The results of our experiments show the following:

  1. 1.

    In general, malware can leak sensitive data using ultrasonic communication to systems on a low-security network at a bit rate of 140 bps (112 bps after error correction) with all machines observing a pre-error corrected BER of 10 % or under.

  2. 2.

    In general, malware can leak sensitive data using our overnight attack to systems on a low-security network at a bit rate of 6.7 kbps (4.7 kbps after error correction) with all machines observing a pre-error corrected BER of 15 % or under (the exception being Audio5, which experienced a BER of 19 %, at least 4 % higher than all other machines).

  3. 3.

    Our ultrasonic attack is not affected by either a clock radio playing music in the environment or conversations taking place while the communication is taking place.

  4. 4.

    Our ultrasonic attack is capable of leaking sensitive information at distances up to 11 m and bit rates over 230 bps. Furthermore, ultrasonic communication can be used to leak sensitive information at a distance of 15 m and a bit rate of 138 bps.

  5. 5.

    In general, all the systems in our study can produce ultrasonic signals in the \(W = \) 20 kHz to 22 kHz range.

5 Protection Mechanisms

Our attack can be eliminated by physically removing any speakers from the high security machine. If removal is not possible, disabling the speaker in software is the next best option; however, disabling the speaker in software could be overwritten by malware installed on the machine and could therefore provide a false sense of assurance to users of high security machines that our attack is not possible.
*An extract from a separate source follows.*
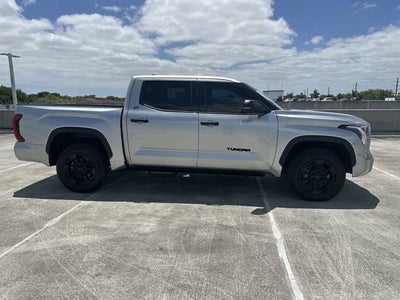 2022 Toyota Tundra 4WD SR5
The most effective way to detect our attack is to passively monitor the audio channel for abnormally high peaks of energy, especially in areas of the spectrum where there are typically none (e.g. the ultrasonic frequency range above 20 kHz). An effective way to detect our attack would be to periodically perform the fast Fourier transform (FFT) of the ambient audio in the environment and examine the resulting frequency components for abnormally high peaks. By calculating the FFT and comparing the resulting energy levels in a given bandwidth to some baseline or by checking if the resulting energy is above a certain threshold, our attack could be detected. With this method however, the distance from the transmitter is of utmost importance. If the device scanning the ultrasonic spectrum is too far from the transmitter, these approaches will not work. Furthermore, while we have discussed this countermeasure for our ultrasonic attack, this methodology works similarly for our overnight attack with the spectrum analysis simply shifted down into the audible range. Lastly, we feel it is imperative that this analysis be done by a specialized hardware device that is less likely to be attacked by malware that could render it ineffective.

6 Conclusion

In this work, we studied the ability for malware to leak sensitive information to low-security machines using ultrasonic and audible audio communication. We measured the achievable bit rate and BERs when transmitting signals in the 20 kHz to 20.5 kHz range as well as the 0 Hz to 20.5 kHz range using commodity hardware from a number of major laptop and desktop vendors. Our study showed that, in general, data can be communicated using ultrasonic communication at a bit rate of 140 bps with BERs below 10 %. Furthermore, we showed that malware can leak information when nobody is around to hear it, using an attack we call the overnight attack, at a rate of 6.7 kbps with a BER below 15 %. Additionally, we showed that our ultrasonic attack is not affected by ambient conversations taking place at the same time as the communication, nor by a radio playing a local radio station. Lastly, we showed that data can be communicated using ultrasonic communication across distances up to 11 m and at bit rates over 230 bps and a BER of 2 %. Given the achievable bit rates, our attack is able to leak captured keystrokes in real-time using the ultrasonic attack and both keystrokes and recorded audio using the overnight attack. A passive detection strategy was also presented.